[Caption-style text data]
BEGIN

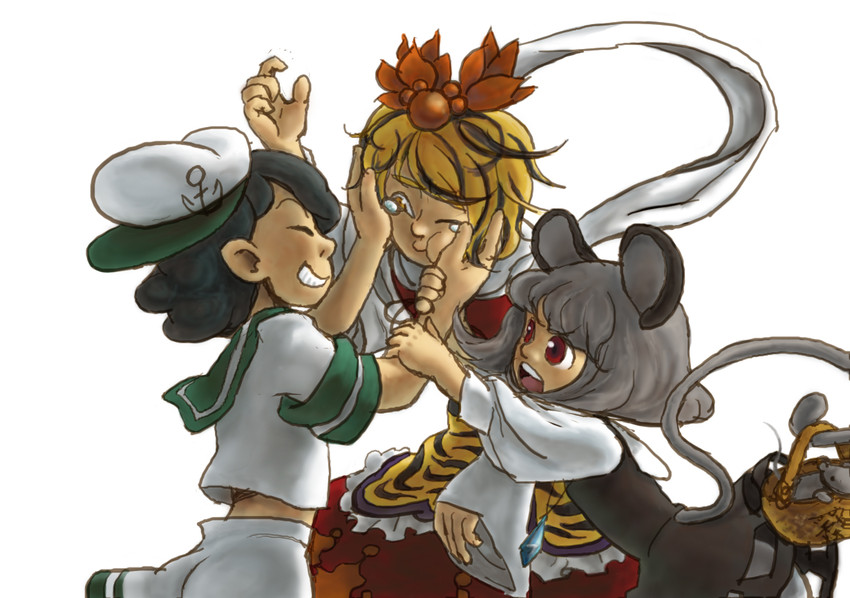 nazrin, toramaru shou, and murasa minamitsu (touhou) drawn by d-nobi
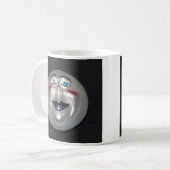 非常にカッコいい男性の月の姿コーヒーカップ コーヒーマグカップ (正面左)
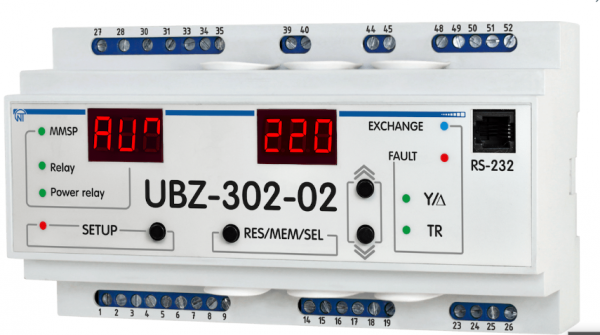 Універсальний блок захисту Новатек УБЗ-302-02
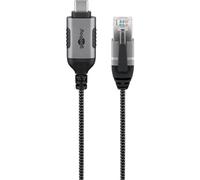 Goobay USB-C 3.1 to RJ45 Ethernet CAT 6 Cable Slim/Adapter Cable/Stable Wired In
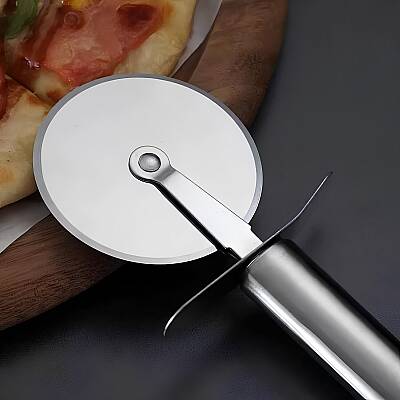 Profesyonel Paslanmaz Çelik Pizza Ruleti 22 cm - 3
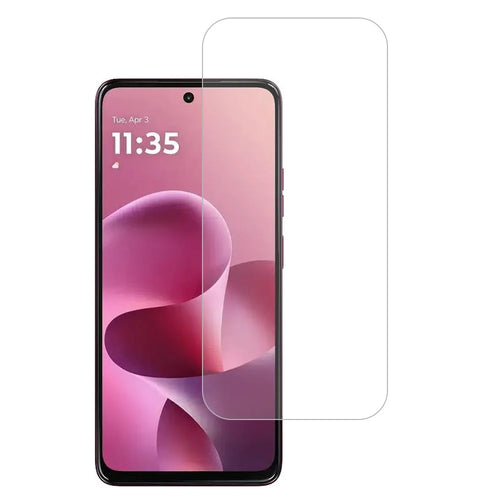 For Motorola Moto G37 5G  /  G47 5G Screen Protector 2.5D High Aluminium-Silicon Glass Film Electroplated Coating (Not Complete Covering) - Transparent - 1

END

#### [TASK BRIEF]
With the pictures removed, return all the entries exactly.

#### [RESPONSE FOR THIS EXERCISE]
 nazrin, toramaru shou, and murasa minamitsu (touhou) drawn by d-nobi
 非常にカッコいい男性の月の姿コーヒーカップ コーヒーマグカップ (正面左)
 Універсальний блок захисту Новатек УБЗ-302-02
 Goobay USB-C 3.1 to RJ45 Ethernet CAT 6 Cable Slim/Adapter Cable/Stable Wired In
 Profesyonel Paslanmaz Çelik Pizza Ruleti 22 cm - 3
 For Motorola Moto G37 5G  /  G47 5G Screen Protector 2.5D High Aluminium-Silicon Glass Film Electroplated Coating (Not Complete Covering) - Transparent - 1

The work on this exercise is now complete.